What is the meaning of "eulogy?"
A "eulogy" is simply a speech that is delivered at a funeral service or memorial service to pay tribute to someone who recently passed away.
If you have been asked to give a eulogy, you may be wondering what is expected of you. Here are the five things that a eulogy can accomplish.
Goal 1: Honor the deceased's virtues and character
Your primary goal with your eulogy is to pay tribute to the person who has passed away. This involves honoring the virtues and character of the person.
Goal 2: Bring comfort to those who are grieving
Eulogies are usually delivered within a few days of a person passing away. The folks in the audience are often still in shock, and are grieving for the person who has died. Emotions are raw. The main emotion in the room is grief. One goal of a eulogy is to bring comfort to those who are grieving. This is especially true when the person who died has left behind young children, or when the person died suddenly or unexpectedly.
Goal 3: Help family and friends say goodbye
The funeral is usually the last day when the deceased person is still physically present. A casket can be touched, cried over and carried to the grave site. But once the casket is lowered into the ground and covered with earth, the deceased person is gone and out of sight. The eulogy is a final chance for the eulogist and everyone else in the room to say goodbye to their loved one.
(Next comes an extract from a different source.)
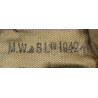 Paire de cartouchières britanniques, Pouches, Mk III, M.W. & S. Ltd. 1942 /I\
Goal 4: Help to bring closure
Moving on after the death of a loved one is difficult, and takes time. That process begins when the person grieving realizes that a stage of life has ended and another stage has begun. The eulogy is an opportunity for grieving family and friends to get closure.
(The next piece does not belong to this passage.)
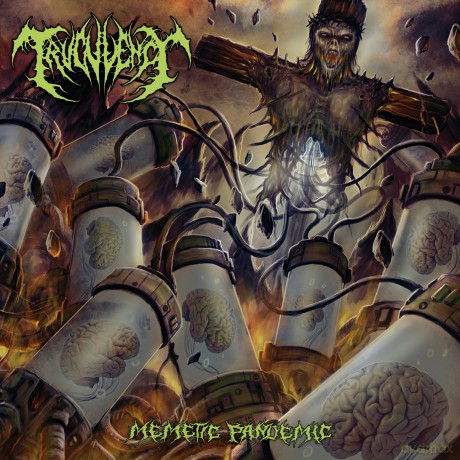 Truculency: Memetic Pandemic [CD]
Goal 5: Put the person's life into perspective
An optional goal of a eulogy is to put the life of the deceased into perspective for those people who are gathered at the funeral or memorial service. The people in the audience will know the deceased person in many ways. In the audience will be people who knew the departed person as a grandparent, a parent, a spouse, a sibling, perhaps even as a child.
Others will have known the deceased as an aunt or uncle, as a colleague, as a neighbour, and so on. You have the opportunity when giving your eulogy to set the person's life into a larger context, to show the meaning that the person had for everyone present, and beyond.
For example, at my father's funeral, I, my sister and my brother each delivered a eulogy in praise of my father. Each of our eulogies, as you can expect, was intensely personal. The minister who officiated at the funeral, on the other hand, delivered a eulogy that set my father's life into a historical context.